▶ _WHAT THIS TASK INVOLVES_:
Retype all of the entries exactly as they appear.

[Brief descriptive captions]
════════════════════

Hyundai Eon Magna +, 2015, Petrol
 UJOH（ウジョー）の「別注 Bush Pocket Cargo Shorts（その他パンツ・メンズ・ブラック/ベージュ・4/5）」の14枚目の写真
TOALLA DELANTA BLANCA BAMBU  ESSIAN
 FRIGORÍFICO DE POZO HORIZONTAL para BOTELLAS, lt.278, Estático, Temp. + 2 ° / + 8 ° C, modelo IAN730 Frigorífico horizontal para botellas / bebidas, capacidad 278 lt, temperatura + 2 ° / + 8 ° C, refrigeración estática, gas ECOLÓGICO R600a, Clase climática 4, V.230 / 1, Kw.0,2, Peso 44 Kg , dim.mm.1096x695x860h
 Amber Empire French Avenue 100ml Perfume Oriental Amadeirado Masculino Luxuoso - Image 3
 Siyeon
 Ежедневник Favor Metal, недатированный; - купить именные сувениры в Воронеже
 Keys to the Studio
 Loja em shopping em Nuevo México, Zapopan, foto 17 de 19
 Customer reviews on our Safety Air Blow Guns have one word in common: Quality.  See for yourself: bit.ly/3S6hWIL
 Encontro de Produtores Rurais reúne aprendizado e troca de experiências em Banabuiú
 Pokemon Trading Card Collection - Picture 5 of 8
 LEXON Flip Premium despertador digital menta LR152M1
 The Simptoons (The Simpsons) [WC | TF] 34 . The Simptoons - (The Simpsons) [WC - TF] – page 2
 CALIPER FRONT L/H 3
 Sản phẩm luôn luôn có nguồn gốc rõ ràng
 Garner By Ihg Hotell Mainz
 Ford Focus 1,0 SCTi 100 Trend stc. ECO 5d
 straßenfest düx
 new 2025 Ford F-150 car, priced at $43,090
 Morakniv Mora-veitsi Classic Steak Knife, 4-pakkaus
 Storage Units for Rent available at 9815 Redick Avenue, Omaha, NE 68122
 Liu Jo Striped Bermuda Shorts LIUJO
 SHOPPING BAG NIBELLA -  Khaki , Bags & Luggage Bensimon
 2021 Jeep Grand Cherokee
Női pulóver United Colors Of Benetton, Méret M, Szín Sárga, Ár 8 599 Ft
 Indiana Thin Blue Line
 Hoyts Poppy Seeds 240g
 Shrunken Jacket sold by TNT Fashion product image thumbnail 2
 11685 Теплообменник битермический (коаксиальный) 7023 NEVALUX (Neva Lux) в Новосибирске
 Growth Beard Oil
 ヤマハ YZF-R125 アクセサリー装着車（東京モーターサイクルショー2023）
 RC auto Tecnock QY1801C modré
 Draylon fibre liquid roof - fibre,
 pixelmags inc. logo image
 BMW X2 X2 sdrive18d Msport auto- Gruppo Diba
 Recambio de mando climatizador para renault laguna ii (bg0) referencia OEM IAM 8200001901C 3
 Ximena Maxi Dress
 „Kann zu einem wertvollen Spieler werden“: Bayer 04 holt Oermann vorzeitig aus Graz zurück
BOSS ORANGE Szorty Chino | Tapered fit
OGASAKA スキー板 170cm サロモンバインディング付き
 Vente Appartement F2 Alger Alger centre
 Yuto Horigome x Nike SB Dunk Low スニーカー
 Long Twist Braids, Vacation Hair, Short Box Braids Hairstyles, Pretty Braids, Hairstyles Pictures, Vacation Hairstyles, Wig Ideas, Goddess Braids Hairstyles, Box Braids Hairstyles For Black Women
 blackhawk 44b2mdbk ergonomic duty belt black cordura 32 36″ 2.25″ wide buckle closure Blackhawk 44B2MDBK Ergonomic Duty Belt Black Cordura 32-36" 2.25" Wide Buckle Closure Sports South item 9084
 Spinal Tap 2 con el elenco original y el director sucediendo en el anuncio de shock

════════════════════

▶ _ANSWER TO THE EXERCISE_:
Hyundai Eon Magna +, 2015, Petrol
 UJOH（ウジョー）の「別注 Bush Pocket Cargo Shorts（その他パンツ・メンズ・ブラック/ベージュ・4/5）」の14枚目の写真
TOALLA DELANTA BLANCA BAMBU  ESSIAN
 FRIGORÍFICO DE POZO HORIZONTAL para BOTELLAS, lt.278, Estático, Temp. + 2 ° / + 8 ° C, modelo IAN730 Frigorífico horizontal para botellas / bebidas, capacidad 278 lt, temperatura + 2 ° / + 8 ° C, refrigeración estática, gas ECOLÓGICO R600a, Clase climática 4, V.230 / 1, Kw.0,2, Peso 44 Kg , dim.mm.1096x695x860h
 Amber Empire French Avenue 100ml Perfume Oriental Amadeirado Masculino Luxuoso - Image 3
 Siyeon
 Ежедневник Favor Metal, недатированный; - купить именные сувениры в Воронеже
 Keys to the Studio
 Loja em shopping em Nuevo México, Zapopan, foto 17 de 19
 Customer reviews on our Safety Air Blow Guns have one word in common: Quality.  See for yourself: bit.ly/3S6hWIL
 Encontro de Produtores Rurais reúne aprendizado e troca de experiências em Banabuiú
 Pokemon Trading Card Collection - Picture 5 of 8
 LEXON Flip Premium despertador digital menta LR152M1
 The Simptoons (The Simpsons) [WC | TF] 34 . The Simptoons - (The Simpsons) [WC - TF] – page 2
 CALIPER FRONT L/H 3
 Sản phẩm luôn luôn có nguồn gốc rõ ràng
 Garner By Ihg Hotell Mainz
 Ford Focus 1,0 SCTi 100 Trend stc. ECO 5d
 straßenfest düx
 new 2025 Ford F-150 car, priced at $43,090
 Morakniv Mora-veitsi Classic Steak Knife, 4-pakkaus
 Storage Units for Rent available at 9815 Redick Avenue, Omaha, NE 68122
 Liu Jo Striped Bermuda Shorts LIUJO
 SHOPPING BAG NIBELLA -  Khaki , Bags & Luggage Bensimon
 2021 Jeep Grand Cherokee
Női pulóver United Colors Of Benetton, Méret M, Szín Sárga, Ár 8 599 Ft
 Indiana Thin Blue Line
 Hoyts Poppy Seeds 240g
 Shrunken Jacket sold by TNT Fashion product image thumbnail 2
 11685 Теплообменник битермический (коаксиальный) 7023 NEVALUX (Neva Lux) в Новосибирске
 Growth Beard Oil
 ヤマハ YZF-R125 アクセサリー装着車（東京モーターサイクルショー2023）
 RC auto Tecnock QY1801C modré
 Draylon fibre liquid roof - fibre,
 pixelmags inc. logo image
 BMW X2 X2 sdrive18d Msport auto- Gruppo Diba
 Recambio de mando climatizador para renault laguna ii (bg0) referencia OEM IAM 8200001901C 3
 Ximena Maxi Dress
 „Kann zu einem wertvollen Spieler werden“: Bayer 04 holt Oermann vorzeitig aus Graz zurück
BOSS ORANGE Szorty Chino | Tapered fit
OGASAKA スキー板 170cm サロモンバインディング付き
 Vente Appartement F2 Alger Alger centre
 Yuto Horigome x Nike SB Dunk Low スニーカー
 Long Twist Braids, Vacation Hair, Short Box Braids Hairstyles, Pretty Braids, Hairstyles Pictures, Vacation Hairstyles, Wig Ideas, Goddess Braids Hairstyles, Box Braids Hairstyles For Black Women
 blackhawk 44b2mdbk ergonomic duty belt black cordura 32 36″ 2.25″ wide buckle closure Blackhawk 44B2MDBK Ergonomic Duty Belt Black Cordura 32-36" 2.25" Wide Buckle Closure Sports South item 9084
 Spinal Tap 2 con el elenco original y el director sucediendo en el anuncio de shock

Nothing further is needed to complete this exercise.